円熟期
円熟期
出典: フリー百科事典『ウィキペディア(Wikipedia)』 (2022/05/09 06:28 UTC 版)
「ピエール=オーギュスト・ルノワール」の記事における「円熟期」の解説
1890年代以降のルノワールは、「アングル風」時代の冷たさがなくなり、珊瑚色の輝く色調で、女性の温かい肉体を描き出すようになった。肌のピンクがかった赤から、バラの紫がかった赤まで、様々な赤で生き生きとした表現をしている。絵具の表面は、かつての印象主義の時代のように大気の微妙な効果を伝えるものではなく、生命のイメージを作り出すものとなっている。1892年の『ピアノに寄る少女たち』は、その最初の成果といえ、豊麗な色彩によって、通俗的ではあるが平和で暖かな雰囲気を描き、第三共和政の泰平を楽しむパリ市民の生活を映し出している。ルノワールは、「私の好きな絵画は、風景ならばその中を散歩したくなるような絵、裸婦ならばその胸や腰を愛撫したくなるような絵だ。」と語っているとおり、見る人を喜ばせるような絵を描き続けた。 20世紀に入り、カーニュに住み始めてからは、伝統的な地中海文化への傾斜が見られる。

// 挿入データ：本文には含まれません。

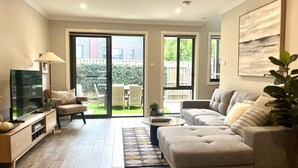 A modern living room with a sofa, a coffee table, and a TV. There are sliding glass doors leading to a patio with outdoor furniture. - Stylish Townhouse With Private Courtyard (Canberra)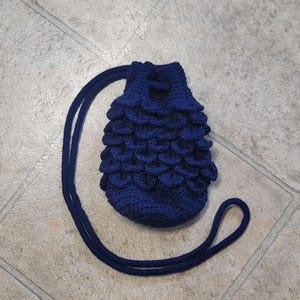 May include: A small, dark blue crocheted drawstring bag with a long strap. The bag is made with a textured, scale-like pattern.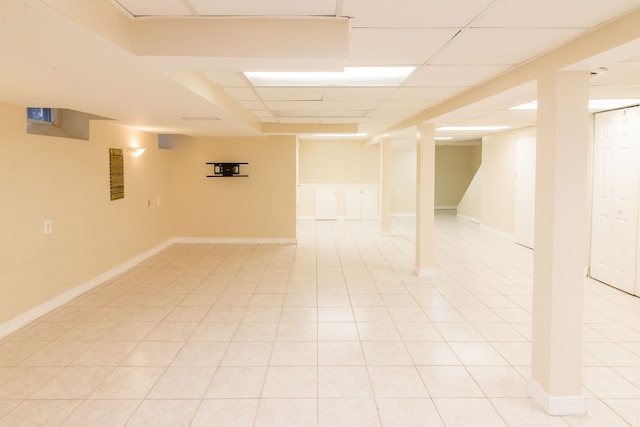 finished basement with baseboards, light tile patterned floors, and a drop ceiling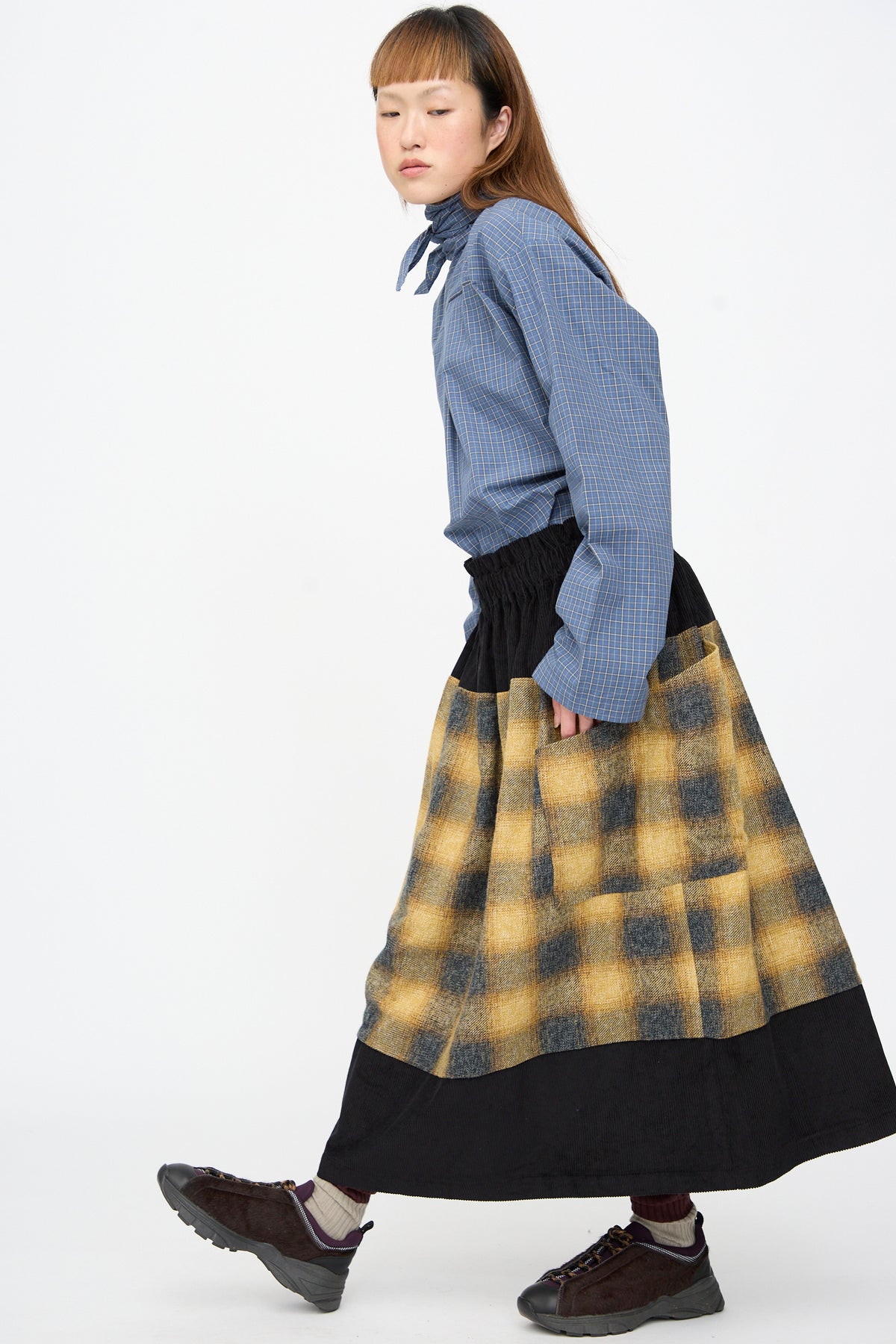 A person wearing a blue checkered shirt and the SC103 Cotton Flannel Rubric Skirt in Hearth, an oversized plaid maxi skirt with black panels, paired with dark sneakers.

19世紀後半にプロヴァンス地方に興った文学復興運動フェリブリージュと関わりがあるかもしれないと指摘されている。 ルノワールは、1908年、アメリカの画家ウォルター・パッチに対し、次のように語っている。 私には何の規則も方法もありません。〔中略〕私は、キャンバスの上で、その肉体が生き生きと、打ち震えるように輝く色を見出さなければなりません。今では、全てを説明するように求められますが、説明できてしまうような絵は、芸術ではありません。〔中略〕美術作品は、あなたを捉え、あなたをそれ自体で虜にし、あなたを感動させるものでなければなりません。それは、芸術家が情熱を表すための手段なのです。それは、芸術家からほとばしり出て、あなたを彼の情熱へと誘う流れです。